Pulser-receivers (also referred to as pulser/receivers) generate ultrasonic pulses, which are propagated into materials for nondestructive testing (NDT). The pulser generates short, large amplitude electrical pulses (pulse voltage) when its trigger is actuated. These electrical pulses are transmitted into an ultrasonic transducer, which converts the electric pulses into short ultrasonic pulses. Most pulser sections have very low output impedance to better drive the transducer. The receiver then converts the ultrasonic pulses into electric pulses by mean of an ultrasonic transducer. In the receiver section the voltage signals produced by the transducer, which represent the received ultrasonic pulses, are amplified. The amplified radio frequency (RF) signal is available as output for display or capture for signal processing.
Pulser-receivers have a number of control aspects. When in action, the pulser section may apply a number of attributes to the pulses being transmitted. It may lengthen or dampen the pulse depending upon the needs of the application, and the amount of time that the pulse is applied to the transducer. The pulser can also vary the pulse voltage generally within a specified standard range.
The receiver section of the pulser/receiver can be for a number of control aspects as well. The receiver is designed to boost the signal (amplification) or gain, as well as filtering the signal to cut down on impedance and unwanted interference. Additionally, the receiver can function as a signal rectifier, to attune the RF signal into a full wave, or break it down into positive or negative half waves.
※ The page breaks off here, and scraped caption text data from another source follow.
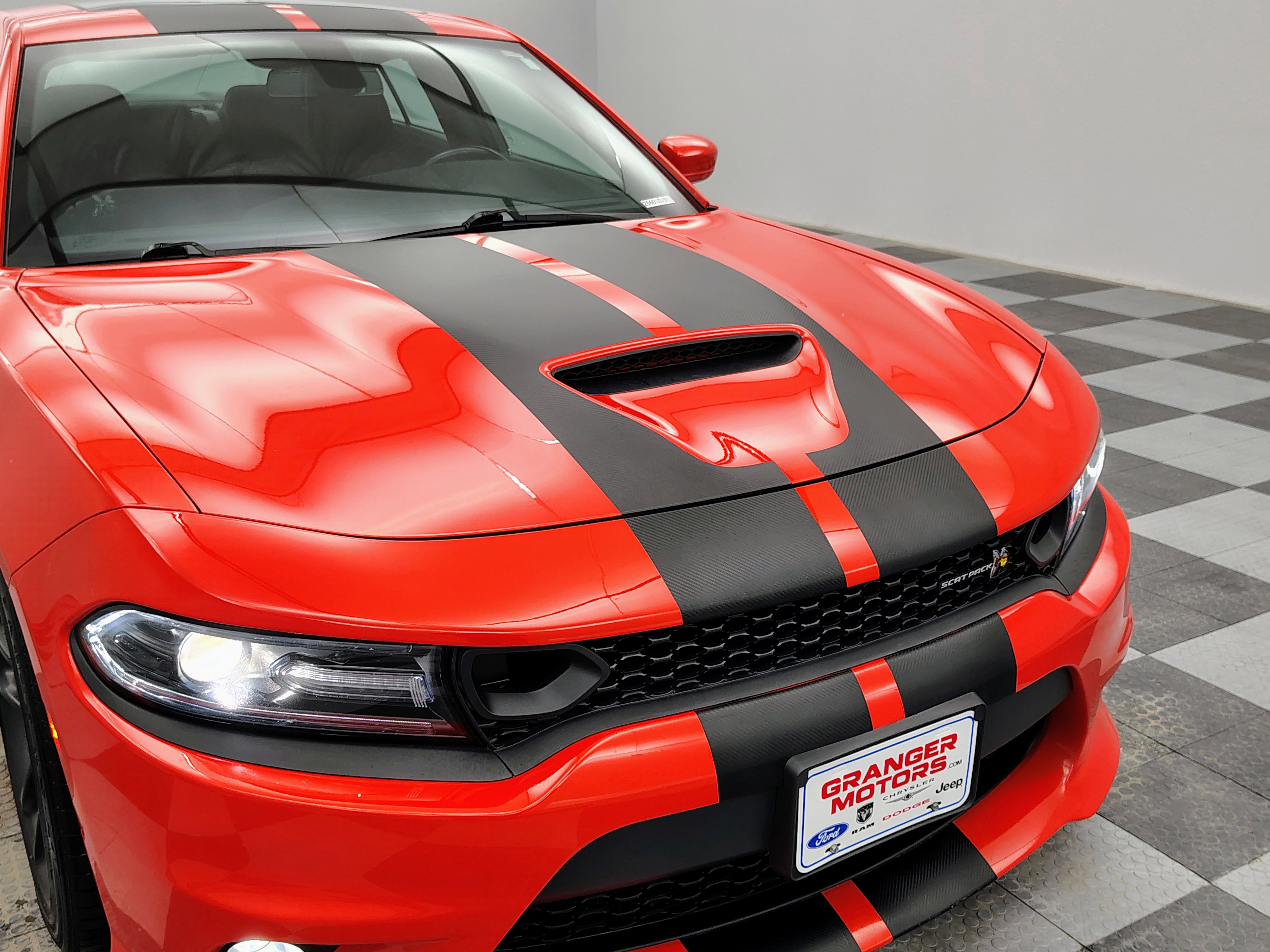 Used 2020 Dodge Charger Scat Pack w/ Driver Convenience Group image 19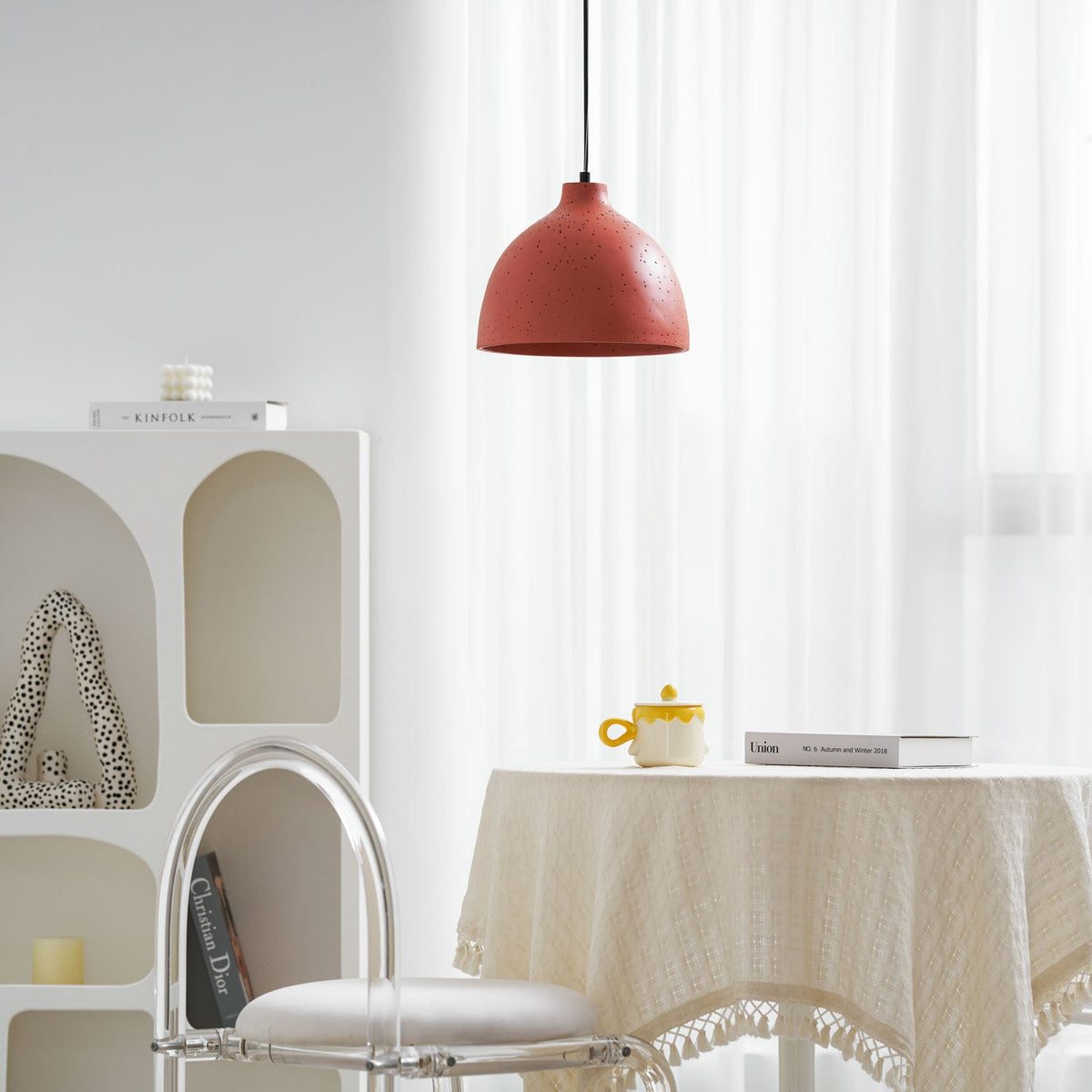 Lampada a sospensione in resina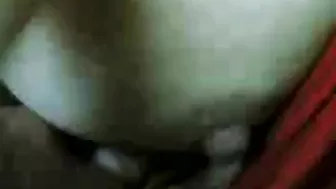 فلاحه بالحجاب الابيض زميلها بيطلع بزازها ويرضع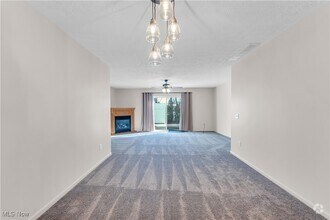 Building Photo - 6435 Forest Park Dr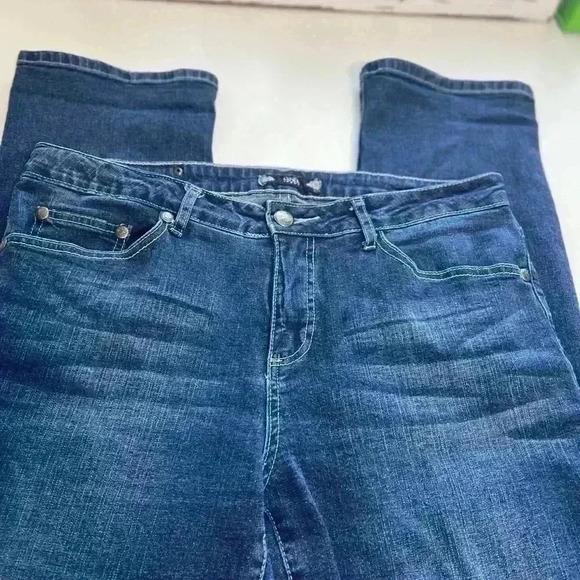 LUXE Blue Jeans - Picture 3 of 7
Pulser-receivers function in a number of specified modes that help to determine how they generate pulses. The two most common modal types for pulsers and receivers are pulse / echo and through-transmission. In pulse-echo mode, the transmitting transducer receives the echoes that are reflected back from the interface. In through-transmission mode a second transducer is used to receive and convert the ultrasonic pulse. Another less common operating mode is external pulser.
Pulser-receivers are used in material characterization work measuring sound velocity or attenuation, which in turn can be correlated to such material properties as elastic modulus or grain orientation. In conjunction with a stepless gate and a spectrum analyzer, pulser-receivers can also be used to study frequency dependent material properties or to characterize the performance of ultrasonic transducers.